(Stored records)
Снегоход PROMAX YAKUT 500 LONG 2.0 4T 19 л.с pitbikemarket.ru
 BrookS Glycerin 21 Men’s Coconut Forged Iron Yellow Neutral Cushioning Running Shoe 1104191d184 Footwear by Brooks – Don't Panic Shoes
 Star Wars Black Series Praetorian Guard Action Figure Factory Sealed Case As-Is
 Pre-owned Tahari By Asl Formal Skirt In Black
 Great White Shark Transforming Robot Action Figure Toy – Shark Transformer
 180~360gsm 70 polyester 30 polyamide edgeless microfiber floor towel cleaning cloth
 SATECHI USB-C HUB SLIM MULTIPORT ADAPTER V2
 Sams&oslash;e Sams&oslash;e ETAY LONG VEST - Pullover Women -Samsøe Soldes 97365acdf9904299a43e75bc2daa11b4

#### TASK ITEM:
Could you copy exactly the lines from the first line of the records above through the line containing "BrookS Glycerin 21", both included, and nothing else?

#### ANSWER TO THE PROBLEM:
Снегоход PROMAX YAKUT 500 LONG 2.0 4T 19 л.с pitbikemarket.ru
 BrookS Glycerin 21 Men’s Coconut Forged Iron Yellow Neutral Cushioning Running Shoe 1104191d184 Footwear by Brooks – Don't Panic Shoes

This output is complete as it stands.